Putting curly braces around the digit ${1}
isolates the digit from any literal digits that follow. This works in Delphi, .NET, Perl, PCRE2, PHP, Boost, and XRegExp.
Named Backreferences
If your regular expression has named capturing groups, then you should use named backreferences to them in the replacement text. The regex (?'name'group)
has one group called “name”. You can reference this group with ${name}
in Delphi, .NET, PCRE2, Java 7, and XRegExp. PCRE2 also supports $name
without the curly braces. In Perl 5.10 and later you can interpolate the variable $+{name}
. Boost too uses $+{name}
in replacement strings. ${name}
does not work in any version of Perl. $name
is unique to PCRE2.
In Python, if you have the regex (?P<name>group)
then you can use its match in the replacement text with \g<name>
. This syntax also works in Delphi. Python, but not Delphi, also support numbered backreferences using this syntax. In Python this is the only way to have a numbered backreference immediately followed by a literal digit.
PHP and R support named capturing groups and named backreferences in regular expressions. But they do not support named backreferences in replacement texts. You’ll have to use numbered backreferences in the replacement text to reinsert text matched by named groups. To determine the numbers, count the opening parentheses of all capturing groups (named and unnamed) in the regex from left to right.
Backreferences to Non-Existent Capturing Groups
An invalid backreference is a reference to a number greater than the number of capturing groups in the regex or a reference to a name that does not exist in the regex. Such a backreference can be treated in three different ways. Delphi, Perl, Ruby, PHP, R, Boost, std::regex, XPath, and Tcl substitute the empty string for invalid backreferences. Java, XRegExp, PCRE2, and Python treat them as a syntax error. JavaScript (without XRegExp) and .NET treat them as literal text.
Backreferences to Non-Participating Capturing Groups
A non-participating capturing group is a group that did not participate in the match attempt at all. This is different from a group that matched an empty string. The group in a(b?)c
always participates in the match. Its contents are optional but the group itself is not optional. The group in a(b)?c
is optional. It participates when the regex matches abc
, but not when the regex matches ac
.
In most applications, there is no difference between a backreference in the replacement string to a group that matched the empty string or a group that did not participate. Both are replaced with an empty string. Two exceptions are Python and PCRE2. They do allow backreferences in the replacement string to optional capturing groups. But the search-and-replace will return an error code in PCRE2 if the capturing group happens not to participate in one of the regex matches. The same situation raises an exception in Python 3.4 and prior. Python 3.5 no longer raises the exception.

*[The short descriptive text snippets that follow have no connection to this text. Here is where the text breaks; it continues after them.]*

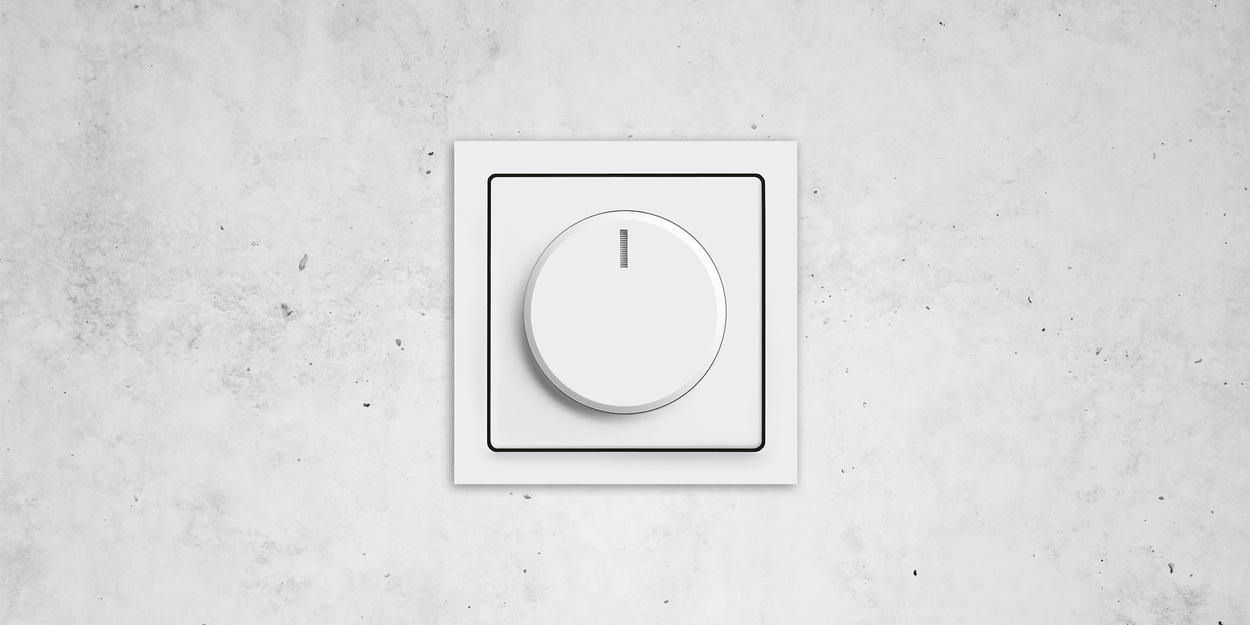 Busch-Dimmer® bei WEITZ Elektrotechnik GmbH in Seligenstadt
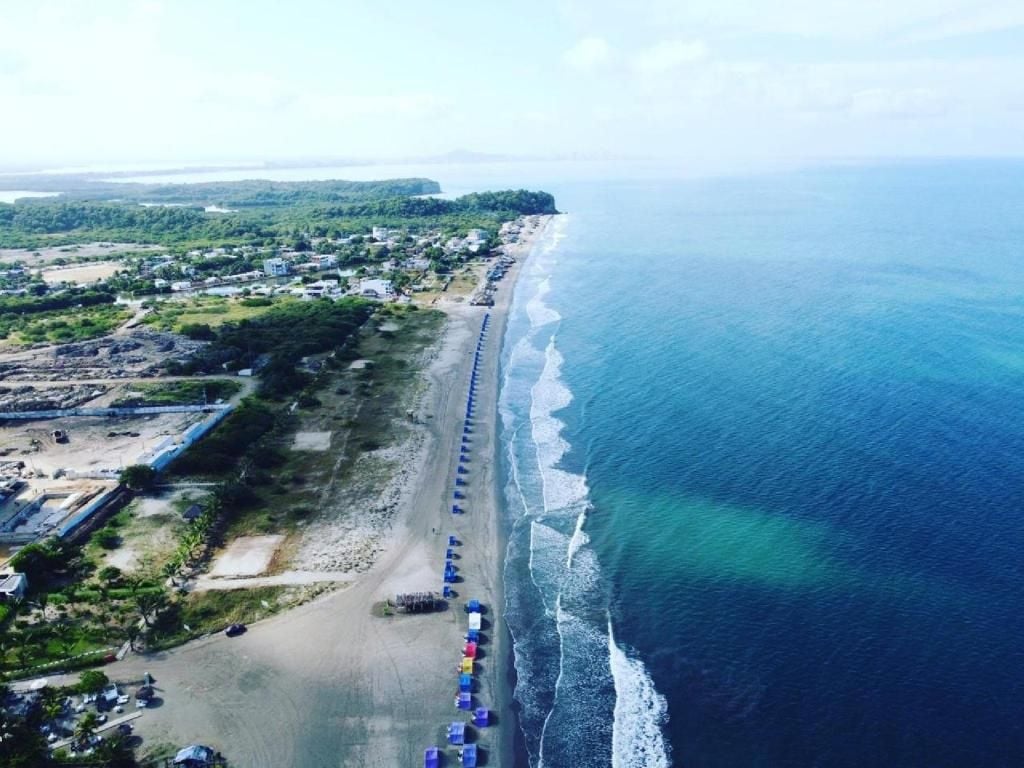 Manzanillo Zion beach house Cartagena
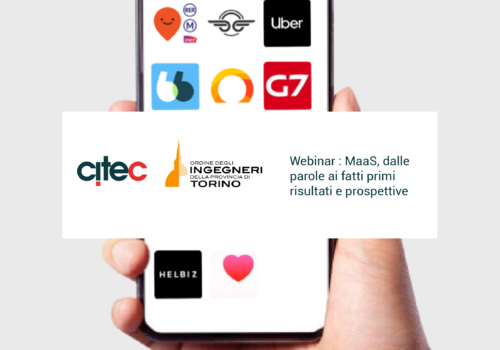 Webinar MaaS IT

Backreference to The Highest-Numbered Group
In Delphi, $+
inserts the text matched by the highest-numbered group that actually participated in the match. In Perl 5.18, the variable $+
holds the same text. When (a)(b)|(c)(d)
matches ab
, $+
is substituted with b
. When the same regex matches cd
, $+
inserts d
. \+
does the same in Delphi, and Ruby.
In .NET, VBScript, and Boost $+
inserts the text matched by the highest-numbered group, regardless of whether it participated in the match or not. If it didn’t, nothing is inserted. In Perl 5.16 and prior, the variable, the variable $+
holds the same text. When (a)(b)|(c)(d)
matches ab
, $+
is substituted with the empty string. When the same regex matches cd
, $+
inserts d
.
Boost 1.42 added additional syntax of its own invention for either meaning of highest-numbered group. $^N
, $LAST_SUBMATCH_RESULT
, and ${^LAST_SUBMATCH_RESULT}
all insert the text matched by the highest-numbered group that actually participated in the match. $LAST_PAREN_MATCH
and ${^LAST_PAREN_MATCH}
both insert the text matched by the highest-numbered group regardless of whether participated in the match.